- **GIVEN INFORMATION**
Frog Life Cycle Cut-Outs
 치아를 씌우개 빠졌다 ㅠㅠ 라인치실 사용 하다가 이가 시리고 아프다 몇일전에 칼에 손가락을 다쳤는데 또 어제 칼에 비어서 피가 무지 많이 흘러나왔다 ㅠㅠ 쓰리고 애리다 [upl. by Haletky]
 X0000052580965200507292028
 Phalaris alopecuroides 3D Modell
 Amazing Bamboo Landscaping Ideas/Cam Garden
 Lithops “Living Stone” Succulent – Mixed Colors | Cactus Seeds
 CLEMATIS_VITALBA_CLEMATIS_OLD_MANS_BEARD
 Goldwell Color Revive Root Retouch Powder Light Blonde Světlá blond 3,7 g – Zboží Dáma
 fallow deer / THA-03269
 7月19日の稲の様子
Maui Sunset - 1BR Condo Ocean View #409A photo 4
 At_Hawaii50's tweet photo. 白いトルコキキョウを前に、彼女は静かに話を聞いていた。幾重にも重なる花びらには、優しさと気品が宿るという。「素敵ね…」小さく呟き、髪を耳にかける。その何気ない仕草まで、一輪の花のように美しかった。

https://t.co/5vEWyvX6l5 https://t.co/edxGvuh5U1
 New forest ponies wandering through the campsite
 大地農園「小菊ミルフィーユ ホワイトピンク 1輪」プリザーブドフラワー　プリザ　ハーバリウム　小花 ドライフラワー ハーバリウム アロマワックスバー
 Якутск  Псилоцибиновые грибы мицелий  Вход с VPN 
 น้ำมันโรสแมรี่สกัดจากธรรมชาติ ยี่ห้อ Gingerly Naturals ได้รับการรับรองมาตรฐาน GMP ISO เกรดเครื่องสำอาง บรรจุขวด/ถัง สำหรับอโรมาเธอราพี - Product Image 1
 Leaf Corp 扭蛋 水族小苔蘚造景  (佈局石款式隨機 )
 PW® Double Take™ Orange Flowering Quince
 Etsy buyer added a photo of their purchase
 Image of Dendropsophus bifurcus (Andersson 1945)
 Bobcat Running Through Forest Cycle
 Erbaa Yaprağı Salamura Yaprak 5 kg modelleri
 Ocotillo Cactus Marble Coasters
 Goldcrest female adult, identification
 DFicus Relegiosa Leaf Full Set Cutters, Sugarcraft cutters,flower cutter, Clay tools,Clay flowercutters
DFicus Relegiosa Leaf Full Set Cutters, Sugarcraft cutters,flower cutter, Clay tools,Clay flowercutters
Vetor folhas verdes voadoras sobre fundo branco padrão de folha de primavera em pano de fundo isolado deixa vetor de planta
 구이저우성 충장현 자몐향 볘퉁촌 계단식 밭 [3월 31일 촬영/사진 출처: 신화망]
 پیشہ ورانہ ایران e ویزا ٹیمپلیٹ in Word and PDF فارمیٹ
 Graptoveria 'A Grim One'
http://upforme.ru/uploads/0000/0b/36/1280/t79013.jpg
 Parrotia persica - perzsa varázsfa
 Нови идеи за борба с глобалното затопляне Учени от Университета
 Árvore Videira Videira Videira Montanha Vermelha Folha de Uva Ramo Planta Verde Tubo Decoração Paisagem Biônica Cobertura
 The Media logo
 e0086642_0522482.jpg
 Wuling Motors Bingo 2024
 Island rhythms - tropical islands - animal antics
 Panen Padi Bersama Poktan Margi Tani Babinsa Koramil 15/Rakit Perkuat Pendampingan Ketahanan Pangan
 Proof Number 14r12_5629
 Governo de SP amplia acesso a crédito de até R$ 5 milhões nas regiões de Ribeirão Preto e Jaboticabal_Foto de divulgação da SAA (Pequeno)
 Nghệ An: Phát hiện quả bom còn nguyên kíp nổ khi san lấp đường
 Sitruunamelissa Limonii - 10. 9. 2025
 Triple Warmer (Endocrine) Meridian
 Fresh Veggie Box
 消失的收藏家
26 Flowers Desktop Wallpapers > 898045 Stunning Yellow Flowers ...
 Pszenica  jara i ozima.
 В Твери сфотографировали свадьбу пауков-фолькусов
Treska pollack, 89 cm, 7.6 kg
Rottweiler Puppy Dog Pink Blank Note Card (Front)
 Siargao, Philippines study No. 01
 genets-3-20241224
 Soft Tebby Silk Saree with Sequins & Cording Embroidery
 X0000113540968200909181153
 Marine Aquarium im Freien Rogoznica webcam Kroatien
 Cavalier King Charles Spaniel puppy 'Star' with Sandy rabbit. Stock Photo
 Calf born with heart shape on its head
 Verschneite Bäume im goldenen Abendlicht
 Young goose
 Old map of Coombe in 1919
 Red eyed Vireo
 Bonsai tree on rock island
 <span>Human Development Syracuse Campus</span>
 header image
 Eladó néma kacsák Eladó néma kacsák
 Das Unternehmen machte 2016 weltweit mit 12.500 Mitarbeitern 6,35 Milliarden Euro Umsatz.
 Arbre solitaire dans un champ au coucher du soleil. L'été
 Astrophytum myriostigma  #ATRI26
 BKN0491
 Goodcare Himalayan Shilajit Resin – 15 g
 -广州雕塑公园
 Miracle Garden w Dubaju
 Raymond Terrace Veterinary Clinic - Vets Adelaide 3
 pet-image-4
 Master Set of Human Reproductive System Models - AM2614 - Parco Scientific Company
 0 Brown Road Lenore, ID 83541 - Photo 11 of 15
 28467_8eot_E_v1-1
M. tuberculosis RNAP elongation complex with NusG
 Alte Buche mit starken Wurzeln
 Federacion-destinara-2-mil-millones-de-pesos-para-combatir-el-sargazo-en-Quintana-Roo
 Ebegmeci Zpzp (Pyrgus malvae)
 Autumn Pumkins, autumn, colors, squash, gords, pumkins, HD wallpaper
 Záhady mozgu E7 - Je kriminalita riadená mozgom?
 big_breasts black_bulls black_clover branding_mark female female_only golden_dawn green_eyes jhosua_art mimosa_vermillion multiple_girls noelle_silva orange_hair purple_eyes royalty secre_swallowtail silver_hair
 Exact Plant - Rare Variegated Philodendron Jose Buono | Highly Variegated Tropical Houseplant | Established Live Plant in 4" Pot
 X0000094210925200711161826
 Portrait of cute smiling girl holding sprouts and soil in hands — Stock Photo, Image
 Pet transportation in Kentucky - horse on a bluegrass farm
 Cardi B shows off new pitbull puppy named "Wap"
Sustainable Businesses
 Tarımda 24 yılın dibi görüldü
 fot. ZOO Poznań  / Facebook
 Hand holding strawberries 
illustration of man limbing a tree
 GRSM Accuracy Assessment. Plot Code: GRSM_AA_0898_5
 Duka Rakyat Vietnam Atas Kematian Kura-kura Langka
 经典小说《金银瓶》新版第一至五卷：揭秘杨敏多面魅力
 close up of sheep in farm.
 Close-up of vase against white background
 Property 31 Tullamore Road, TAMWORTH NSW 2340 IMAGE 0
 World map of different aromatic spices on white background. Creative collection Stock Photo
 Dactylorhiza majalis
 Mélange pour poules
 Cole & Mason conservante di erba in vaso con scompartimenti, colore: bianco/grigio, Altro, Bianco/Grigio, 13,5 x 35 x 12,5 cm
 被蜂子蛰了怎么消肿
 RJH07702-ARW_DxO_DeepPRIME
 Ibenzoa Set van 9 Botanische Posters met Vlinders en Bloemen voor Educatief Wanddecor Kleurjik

- **EXERCISE INSTRUCTIONS**
Both the first line of the data above and the line with "Нови идеи за" must be included; please return exactly those lines and the ones between them.

- **THE ANSWER**
Frog Life Cycle Cut-Outs
 치아를 씌우개 빠졌다 ㅠㅠ 라인치실 사용 하다가 이가 시리고 아프다 몇일전에 칼에 손가락을 다쳤는데 또 어제 칼에 비어서 피가 무지 많이 흘러나왔다 ㅠㅠ 쓰리고 애리다 [upl. by Haletky]
 X0000052580965200507292028
 Phalaris alopecuroides 3D Modell
 Amazing Bamboo Landscaping Ideas/Cam Garden
 Lithops “Living Stone” Succulent – Mixed Colors | Cactus Seeds
 CLEMATIS_VITALBA_CLEMATIS_OLD_MANS_BEARD
 Goldwell Color Revive Root Retouch Powder Light Blonde Světlá blond 3,7 g – Zboží Dáma
 fallow deer / THA-03269
 7月19日の稲の様子
Maui Sunset - 1BR Condo Ocean View #409A photo 4
 At_Hawaii50's tweet photo. 白いトルコキキョウを前に、彼女は静かに話を聞いていた。幾重にも重なる花びらには、優しさと気品が宿るという。「素敵ね…」小さく呟き、髪を耳にかける。その何気ない仕草まで、一輪の花のように美しかった。

https://t.co/5vEWyvX6l5 https://t.co/edxGvuh5U1
 New forest ponies wandering through the campsite
 大地農園「小菊ミルフィーユ ホワイトピンク 1輪」プリザーブドフラワー　プリザ　ハーバリウム　小花 ドライフラワー ハーバリウム アロマワックスバー
 Якутск  Псилоцибиновые грибы мицелий  Вход с VPN 
 น้ำมันโรสแมรี่สกัดจากธรรมชาติ ยี่ห้อ Gingerly Naturals ได้รับการรับรองมาตรฐาน GMP ISO เกรดเครื่องสำอาง บรรจุขวด/ถัง สำหรับอโรมาเธอราพี - Product Image 1
 Leaf Corp 扭蛋 水族小苔蘚造景  (佈局石款式隨機 )
 PW® Double Take™ Orange Flowering Quince
 Etsy buyer added a photo of their purchase
 Image of Dendropsophus bifurcus (Andersson 1945)
 Bobcat Running Through Forest Cycle
 Erbaa Yaprağı Salamura Yaprak 5 kg modelleri
 Ocotillo Cactus Marble Coasters
 Goldcrest female adult, identification
 DFicus Relegiosa Leaf Full Set Cutters, Sugarcraft cutters,flower cutter, Clay tools,Clay flowercutters
DFicus Relegiosa Leaf Full Set Cutters, Sugarcraft cutters,flower cutter, Clay tools,Clay flowercutters
Vetor folhas verdes voadoras sobre fundo branco padrão de folha de primavera em pano de fundo isolado deixa vetor de planta
 구이저우성 충장현 자몐향 볘퉁촌 계단식 밭 [3월 31일 촬영/사진 출처: 신화망]
 پیشہ ورانہ ایران e ویزا ٹیمپلیٹ in Word and PDF فارمیٹ
 Graptoveria 'A Grim One'
http://upforme.ru/uploads/0000/0b/36/1280/t79013.jpg
 Parrotia persica - perzsa varázsfa
 Нови идеи за борба с глобалното затопляне Учени от Университета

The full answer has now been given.